活動内容は他宗ではお盆の法要やミサをはじめ、月に一度、一時間ほどの教誨の時間により教理に従った説法を中心に収監者に寄り添って諭しております。私は年末に行う年越大祓という行事を12月上旬に刑務所と刑務支所の二か所で収監者多数の参列のもと斎行しております。ここ数年には今まであまり声が掛からなかったのですが、最近は神社本庁教誨師にもリクエストがありまして、教誨を勤めております。しかし他宗のような教理経典が神道にはありませんので、神話や主要神社の説明を対話形式で行っており、毎回模索の手探りで行っているところに答えに窮する鋭い質問が飛び交いますので、ガマの油絞りのような状況ばかりです。直近は是非お伊勢参りの気分を味わっていただきたいと、東海道中膝栗毛にからめて講話を始めましたら、ほどなく2月の蔓延防止等重点措置が発せられ、弥二さん喜多さんが準備を整えて日本橋を出たところで終わってしまいました。必ずリベンジしたいと思います。
札幌の刑務所はここ10年ほどで全ての管理棟や事務所、収監棟が建て替えられ先年全部新築されましたので、とても清潔で冷暖房完備の実に快適な、規則正しい健康的な刑務所ライフが送られますので、是非情勢をみて見学できればと思っております。
ご清聴ありがとうございました。
 

「コロナ禍での会長、海外で大変な経験、海外から見た日本について」
斉藤 昌一 会員 卓話
 
今回、プログラム委員会からテーマをいただき、それについて卓話をさせていただきます。
日頃より、私は終わったこと全て良い経験で自分の糧になり大変と思っておりません。50年度は、私の知識の乏しさやリーダーシップが足りず、会員の皆さんと各委員会には大変ご迷惑をおかけして申し訳ない思いと、通常ではすることのない大役を学ぶ機会をいただき感謝の気持ちです。当初、年度が始まる前は、札幌北クラブ創立50周年、東京オリンピック・パラリンピック、世界平和、スポーツの祭典と、クラブの今までの社会奉仕事業を結び合わせた奉仕事業、親睦活動をイメージして取り組みたいと考えておりました。しかし、1回目の第2200回例会は、私の推薦者でもあります福田十太郎会員がご逝去されたため黙祷からの悲しい始まりでした。そして、感染症拡大防止のために例会時間30分、スクール形式の着席、昼食のお弁当は持ち帰りとなりました。結局、一年間はスクール形式で一度も夜間例会は出来ませんでした。
私はロータリー歴12年で幹事の経験もなくクラブ運営には不慣れであり、自分が出来なかったことよりも、それ以上に各委員会、創立50周年で立ち上がった実行委員会の皆さんに多くの活動、事業をしていただき大変感謝しております。コロナ禍のために計画や企画を練り直し、50年度だけでなく51年度まで活動を継続していただく委員会もあり恐縮しております。不要不急の外出制限の中で、平日、週末を問わず活動していただきました。会場はホテルユキタでよく行われましたが、ご報告の動画撮影や、時には夜間親睦会のように楽しく過ごさせていただきました。また、大倉山の移動例会、2度の家庭集会、50周年記念ゴルフ大会は忘れられない楽しい想い出です。私の仕事は業界で過去にない厳しい状況で虚無感がありましたが、お陰でそれも埋めていただき感謝しております。コロナ禍であらためて、札幌北ロータリークラブの絆と、寛容の精神を感じることになり、入会して一番良かったと感じた年度となりました。最後に、黑川幹事には私の纏まらない考えをいつも言葉と書面にしていただき、大変お世話になり感謝しております。また、心臓に相当の負担をおかけしたことと大変心配しております。

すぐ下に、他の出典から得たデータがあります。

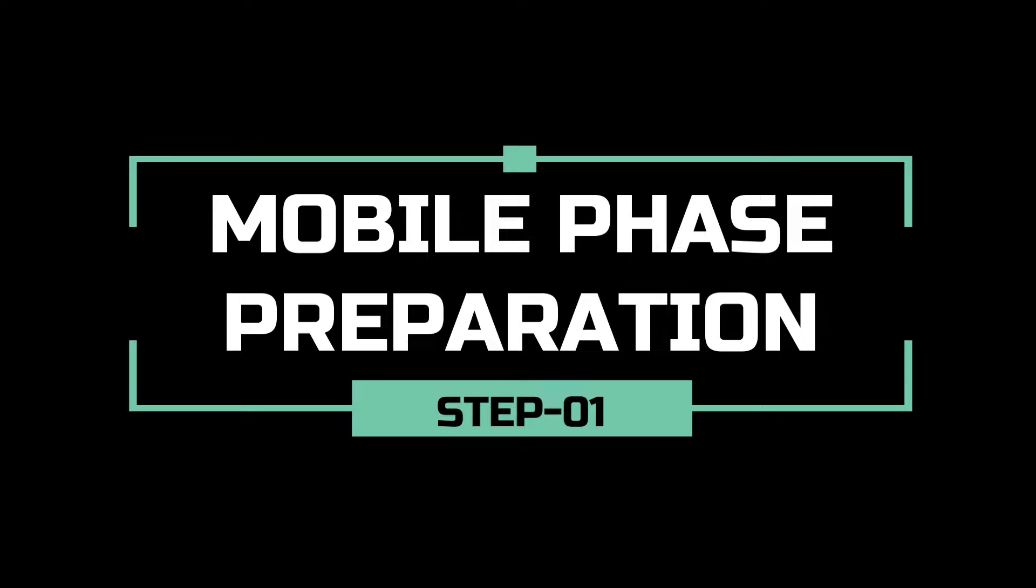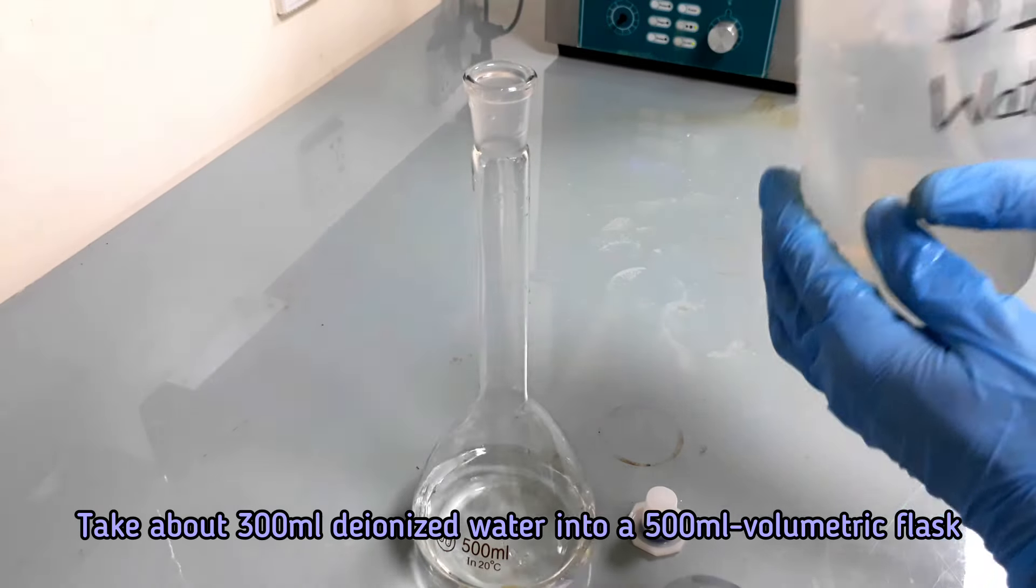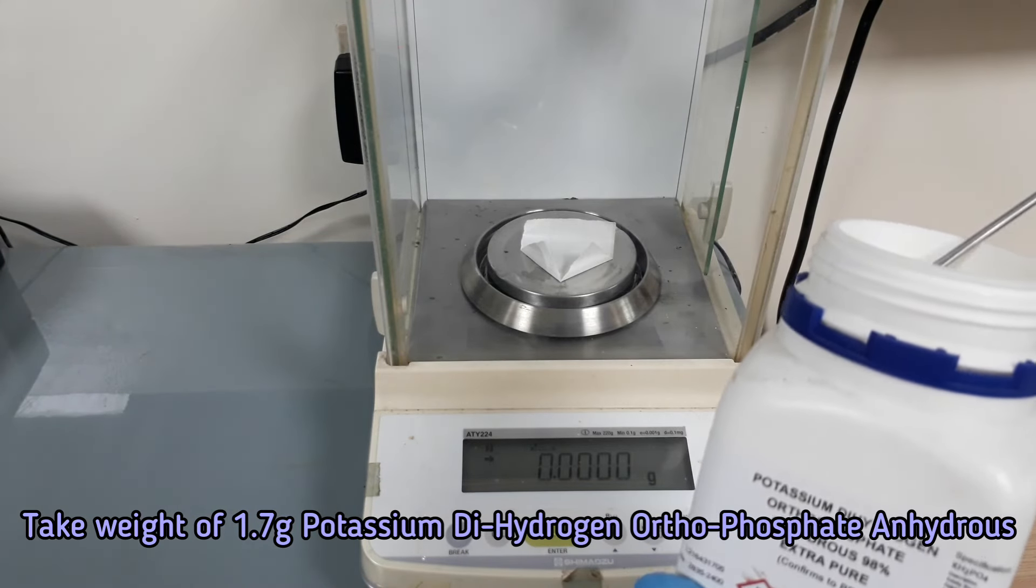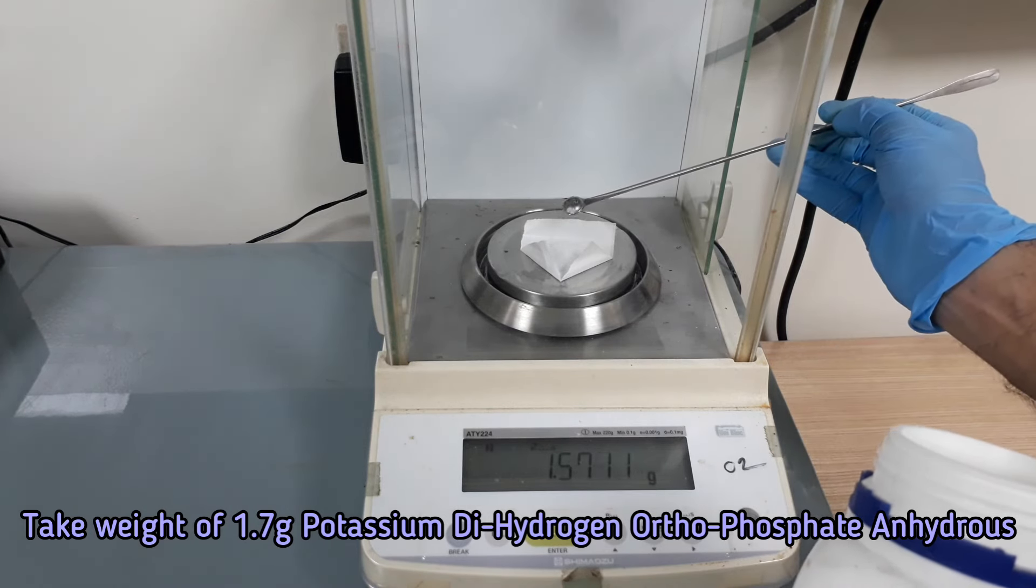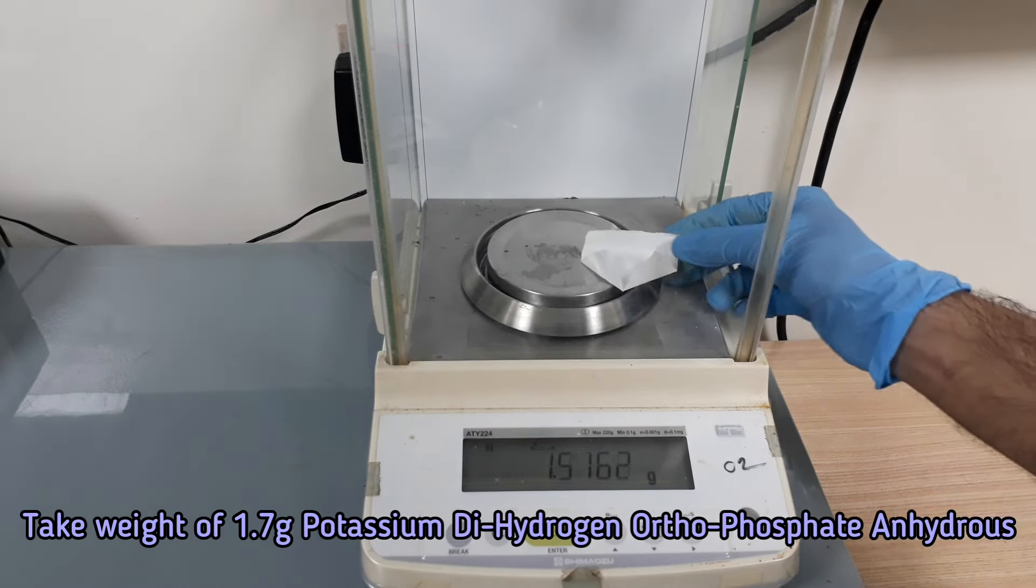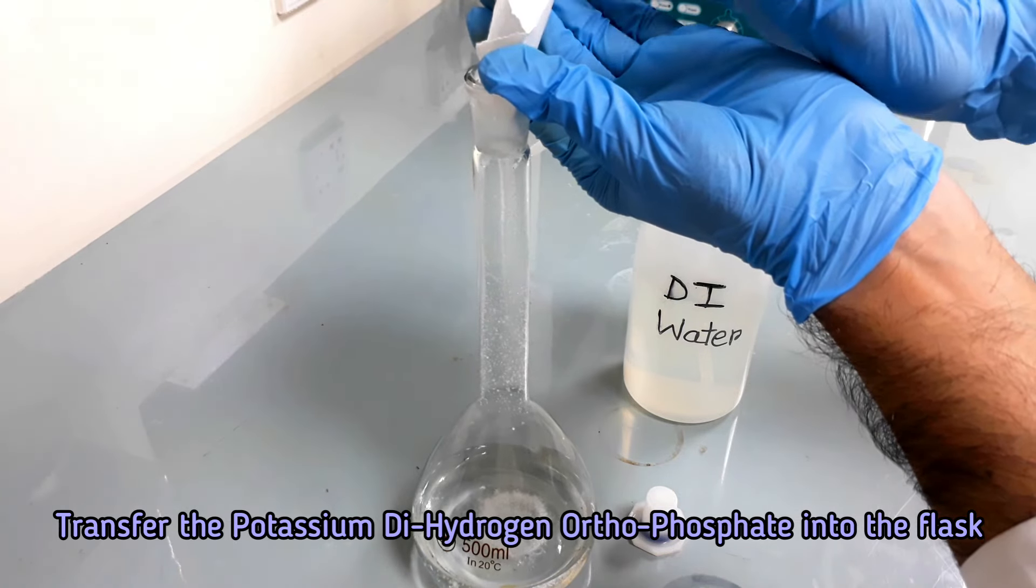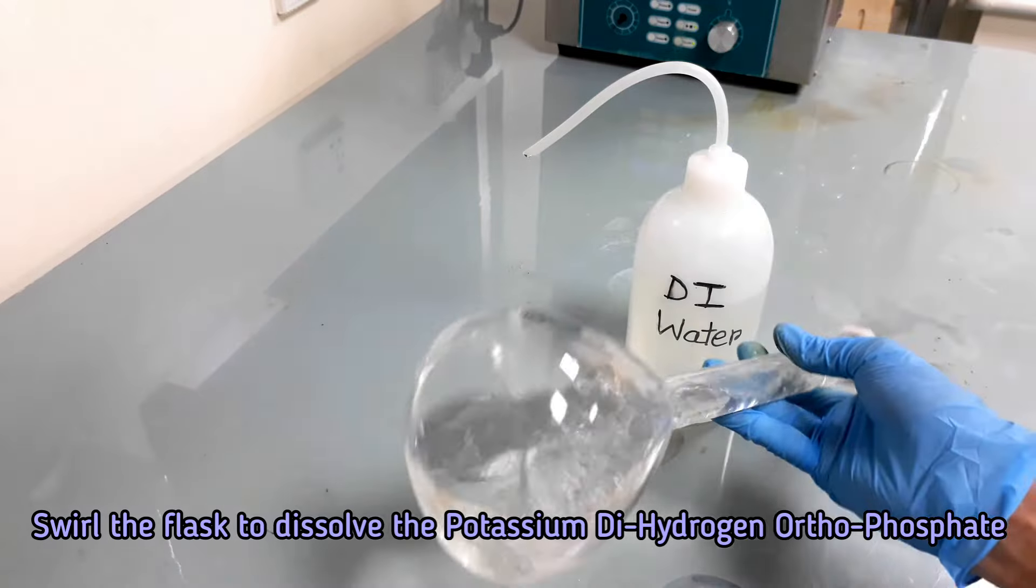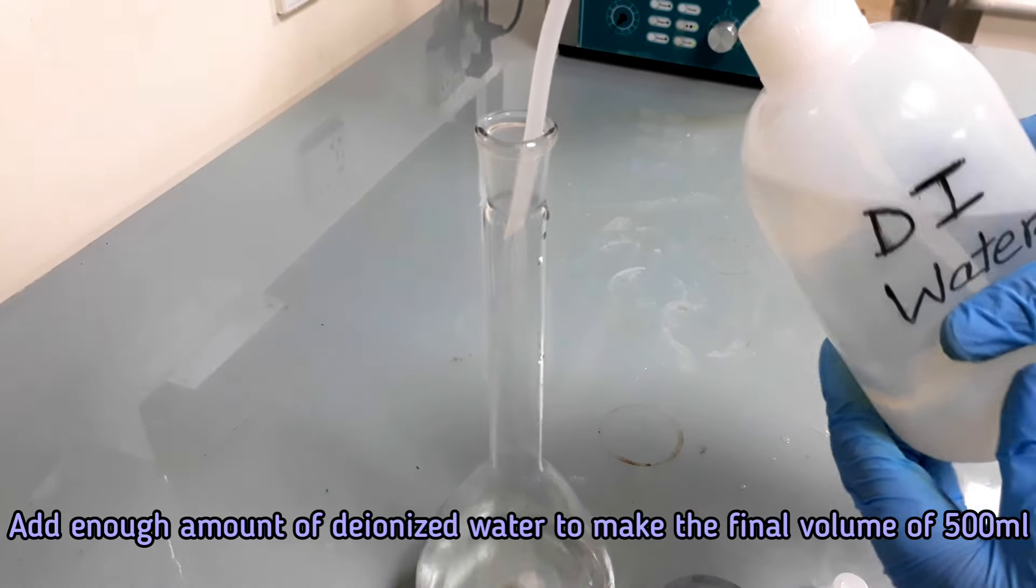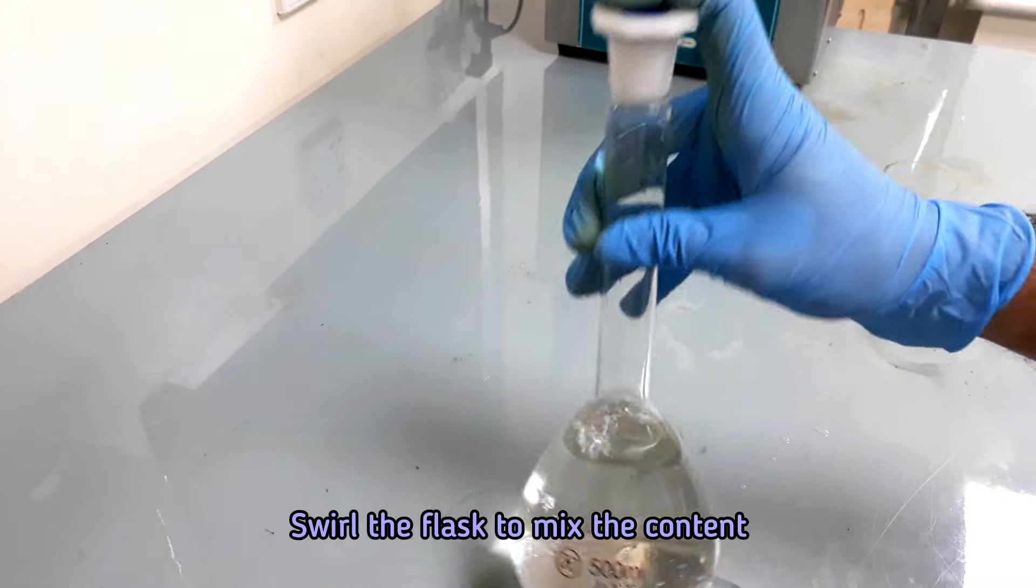Let's prepare the mobile phase. First, we are going to prepare mobile phase A. Take about 300 ml deionized water into a 500 ml volumetric flask. Take weight of 1.7 g potassium dihydrogen orthophosphate anhydrous crystal. Transfer the potassium dihydrogen orthophosphate into the flask. Add enough water to make the final volume of 500 ml. Shake the flask to dissolve the chemical completely.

次に、海外での経験についてですが、私は1983年に旅行業界に入り、今年で39年になります。国内、海外ともに、視察、研修、大会などをオーガナイザーと一緒に計画する機会が多くありました。地球の歩き方、携帯電話、インターネットも無く、観光客があまり行かず詳しい地図もないところへ行きましたので失敗も多かったです。大変お世話になりました二つ団体についてご紹介させていただきます。
一つは、谷口良一会員(故)が会長、福田十太郎会員(故)、大西勲会員が理事で平成元年に発足した「札幌国際親善の集い」国際文化交流の団体で、1990年にソ連のモスクワ、レニングラード、ノボシビリスク、ハバロフスク、1995年に瀋陽、その後、キリギス共和国、インドネシア、韓国など国際文化交流で訪問いたしました。1998年のサハリン訪問の際は、電力会社のストライキで電気は使えず、ホテルのチェックインの際にローソクを渡され、荷物、道具は全て階段で運び、トイレも使えず、シャワーは水でした。その中で、1日に数時間だけ電気が使える時間を利用して移動や食事、舞台の準備、観光、お買い物などしたことが強く記憶に残っております。ソ連、ロシアでは、芸術で多くの素晴らしいものがありますが、観光中に予定外のことが起きると全て政府の都合の良く言われ、空港では理由もわからず夜中まで待機することが何度もありました。
二つ目の団体は、ロータリー2510地区のタイ検証ツアーです。2009-2010年度の渡邉恭久ガバナー年度から参加させていただいております。全て地区委員会との企画は手作りですがハプニングは何度も起きます。以前、タイの子供たちにお土産で「雪だるま」を見せたいと、千歳からタイのウドンタニへ運ぶ途中のことですが、乗り継ぎのバンコク空港入国の税関で時間がかかり大変で一時は無理かと思いました。また、奉仕活動場所へ行くには1日に300km以上の移動は常で、山でバスが動かなくなることもありました。それら全ては、参加されるロータリアンの皆さんが、語学、車のエンジニア、その道に精通している方ばかりの集団ですので、全て対応してくださり今は良い想い出となっております。
私は、スケジュール、時間、運行の管理に専念し、万一のリスクを軽減することに集中させていただいております。大変なことは、他の団体を含めてやむをえず起きますが、参加者の皆さんに協力していただき乗り越えて、永くお付き合いさせていただき自分の財産となり深く感謝しております。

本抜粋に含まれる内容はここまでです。